(TASK REQUIREMENTS)
The lines from the one containing "So this is the" through the last one in the data: please copy those exactly, and only those, without the pictures.

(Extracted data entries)
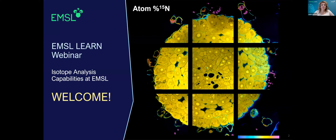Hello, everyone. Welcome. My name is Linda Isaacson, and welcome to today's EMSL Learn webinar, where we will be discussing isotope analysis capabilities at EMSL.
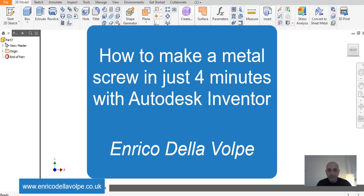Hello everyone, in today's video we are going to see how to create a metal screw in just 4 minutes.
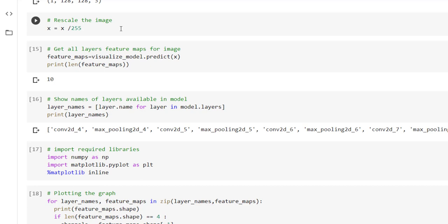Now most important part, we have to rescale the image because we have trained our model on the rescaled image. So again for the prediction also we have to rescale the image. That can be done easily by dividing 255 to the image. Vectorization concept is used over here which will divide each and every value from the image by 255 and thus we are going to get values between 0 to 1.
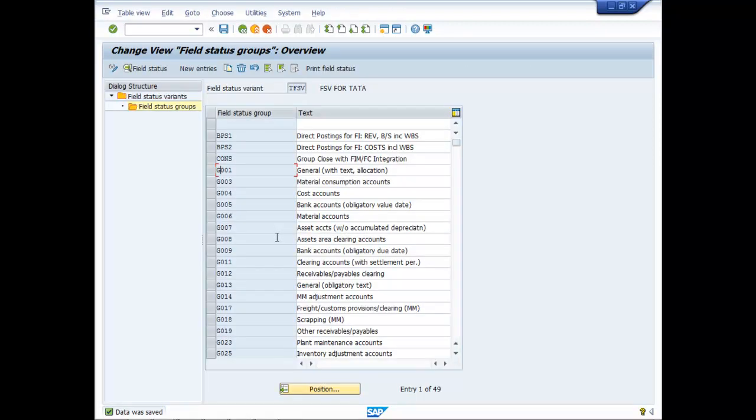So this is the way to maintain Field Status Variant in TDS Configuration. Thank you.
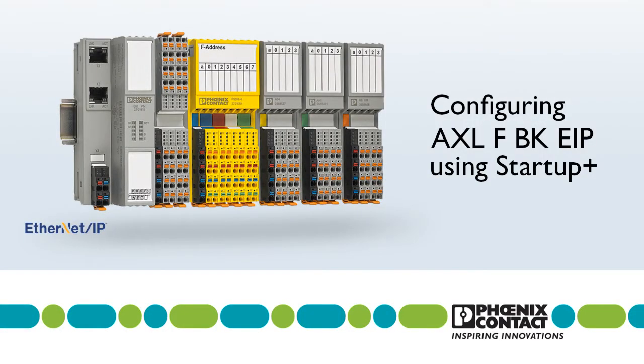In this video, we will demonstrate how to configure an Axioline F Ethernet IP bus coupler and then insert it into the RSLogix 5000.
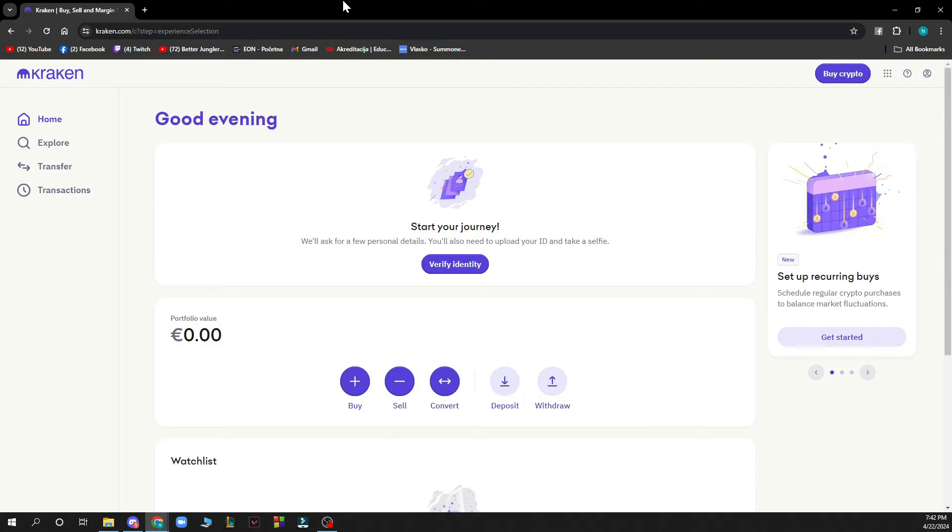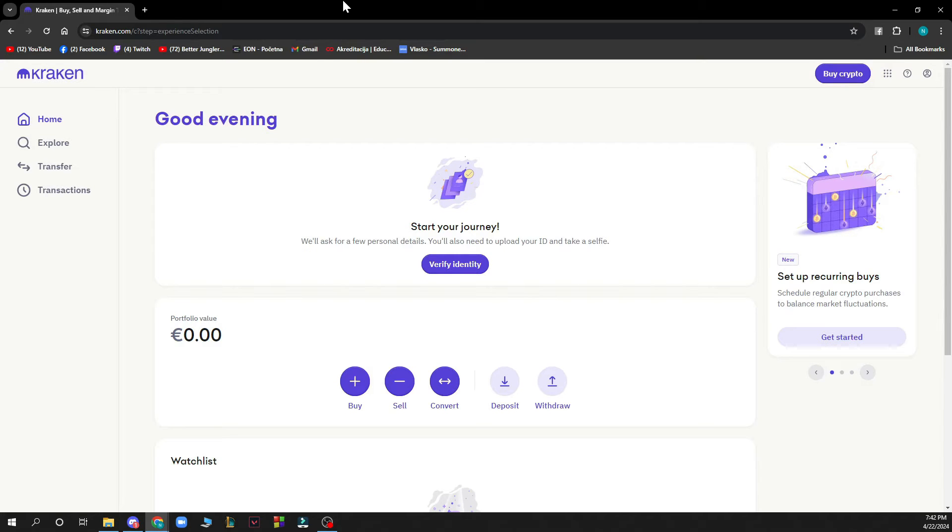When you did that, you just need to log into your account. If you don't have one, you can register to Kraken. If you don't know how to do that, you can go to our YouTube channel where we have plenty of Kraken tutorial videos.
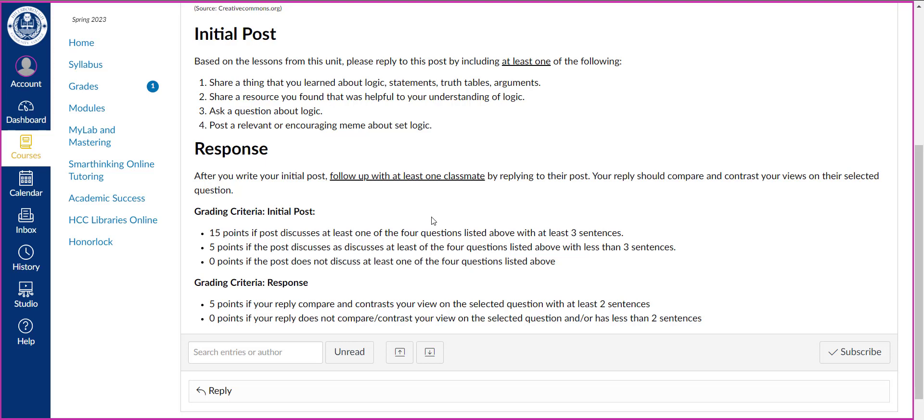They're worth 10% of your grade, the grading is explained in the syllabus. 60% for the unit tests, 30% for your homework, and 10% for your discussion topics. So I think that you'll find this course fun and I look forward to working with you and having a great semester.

(ANSWER TO THE PROBLEM)
So this is the way to maintain Field Status Variant in TDS Configuration. Thank you.
In this video, we will demonstrate how to configure an Axioline F Ethernet IP bus coupler and then insert it into the RSLogix 5000.
When you did that, you just need to log into your account. If you don't have one, you can register to Kraken. If you don't know how to do that, you can go to our YouTube channel where we have plenty of Kraken tutorial videos.
They're worth 10% of your grade, the grading is explained in the syllabus. 60% for the unit tests, 30% for your homework, and 10% for your discussion topics. So I think that you'll find this course fun and I look forward to working with you and having a great semester.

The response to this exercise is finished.